→ **The problem**: The full listing is to be returned exactly as given, but without pictures.

→ **Data provided**:
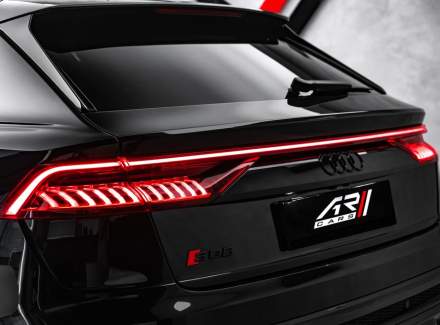 Audi - SQ8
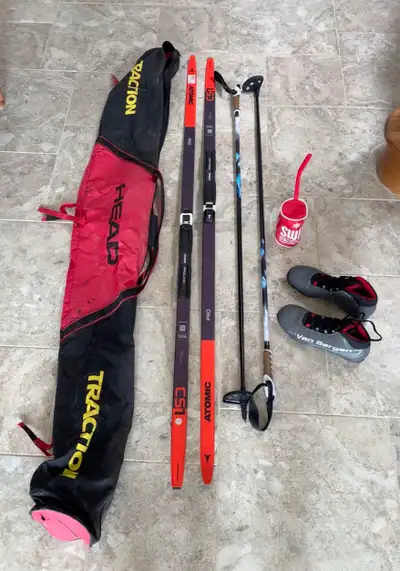 Atomic cross-country skis, full set of gear, View more
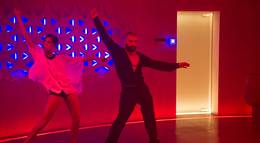 Кадр из фильма "Из машины (Идеальная модель)" - 2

→ **Finished exercise**:
 Audi - SQ8
 Atomic cross-country skis, full set of gear, View more
 Кадр из фильма "Из машины (Идеальная модель)" - 2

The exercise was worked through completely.